Experimental and in silico investigation on the interaction of indomethacin with bovine serum albumin: Effect of sodium dodecyl sulfate surfactant monomers on the binding

Abstract This paper describes the interaction of indomethacin with bovine serum albumin (BSA) using experimental and computational approaches. Inner filter effect (IFE) had significantly impacted the fluorescence results as uncorrected data shown the considerable involvement of tyrosine residues which became very low after correcting the data with the former, thus, only the tryptophan residues were found to be associated with fluorescence quenching.
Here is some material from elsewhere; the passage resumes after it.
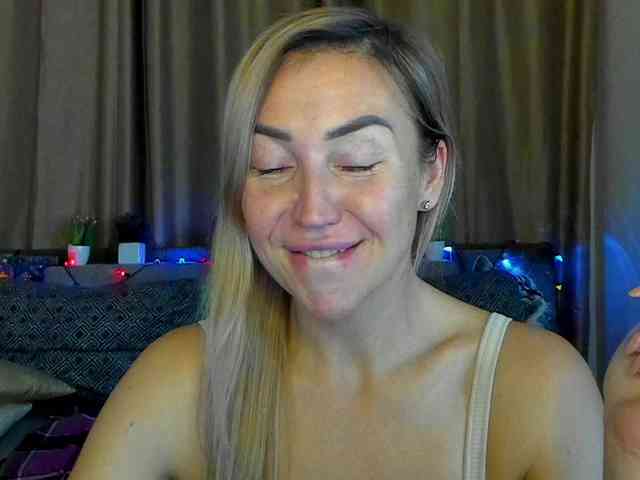 Jullyblondkiss webcam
Analyses of the corrected data suggested that there was 1:1 strong binding between BSA and indomethacin that taken place via static quenching mechanism. The binding was exothermic in nature and energetically favorable with ordering of the system. The binding of indomethacin remained almost unchanged in presence of low amount of sodium dodecyl sulfate (SDS) surfactants monomers while it significantly diminished when the concentration of SDS monomers increased. Low concentrations of indomethacin didn’t affect the secondary structure of BSA, however, high concentrations led to the partial unfolding of the protein. Molecular docking along with molecular dynamics simulation results explained that this drug molecule occupied new binding site with strong binding affinity of −8.35 kcal/mol, which is oriented in the interface between domain 1 and domain 2. The interaction was facilitated by both hydrophobic forces as well as hydrogen bonding.